• Exercise objective: Could you print the entries below exactly, starting at the line that contains "NIVEA Balzam na" and stopping after the last one?

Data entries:
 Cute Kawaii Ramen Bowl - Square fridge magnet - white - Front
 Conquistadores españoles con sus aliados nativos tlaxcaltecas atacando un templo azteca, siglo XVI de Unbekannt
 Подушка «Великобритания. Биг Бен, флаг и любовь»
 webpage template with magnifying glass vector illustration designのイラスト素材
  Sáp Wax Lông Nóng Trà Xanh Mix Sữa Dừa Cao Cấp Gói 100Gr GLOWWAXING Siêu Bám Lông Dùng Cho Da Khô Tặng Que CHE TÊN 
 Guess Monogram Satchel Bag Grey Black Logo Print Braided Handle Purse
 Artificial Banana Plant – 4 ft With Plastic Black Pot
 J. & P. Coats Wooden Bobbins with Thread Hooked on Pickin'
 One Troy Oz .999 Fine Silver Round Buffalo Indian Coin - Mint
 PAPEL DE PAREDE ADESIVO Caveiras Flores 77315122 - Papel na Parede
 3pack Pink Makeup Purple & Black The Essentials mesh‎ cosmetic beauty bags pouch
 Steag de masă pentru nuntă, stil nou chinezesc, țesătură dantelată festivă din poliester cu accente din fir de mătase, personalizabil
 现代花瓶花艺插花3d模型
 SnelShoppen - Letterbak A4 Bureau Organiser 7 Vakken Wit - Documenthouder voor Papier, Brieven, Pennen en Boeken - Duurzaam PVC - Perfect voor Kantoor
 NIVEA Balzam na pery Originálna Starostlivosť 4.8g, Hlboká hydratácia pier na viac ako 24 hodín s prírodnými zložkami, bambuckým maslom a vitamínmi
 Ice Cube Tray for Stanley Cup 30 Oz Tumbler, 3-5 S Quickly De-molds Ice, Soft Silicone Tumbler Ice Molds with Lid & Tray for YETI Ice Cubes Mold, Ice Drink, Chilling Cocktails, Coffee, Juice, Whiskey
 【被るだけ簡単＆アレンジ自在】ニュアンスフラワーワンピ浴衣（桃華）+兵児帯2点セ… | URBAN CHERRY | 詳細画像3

• Task output:
 NIVEA Balzam na pery Originálna Starostlivosť 4.8g, Hlboká hydratácia pier na viac ako 24 hodín s prírodnými zložkami, bambuckým maslom a vitamínmi
 Ice Cube Tray for Stanley Cup 30 Oz Tumbler, 3-5 S Quickly De-molds Ice, Soft Silicone Tumbler Ice Molds with Lid & Tray for YETI Ice Cubes Mold, Ice Drink, Chilling Cocktails, Coffee, Juice, Whiskey
 【被るだけ簡単＆アレンジ自在】ニュアンスフラワーワンピ浴衣（桃華）+兵児帯2点セ… | URBAN CHERRY | 詳細画像3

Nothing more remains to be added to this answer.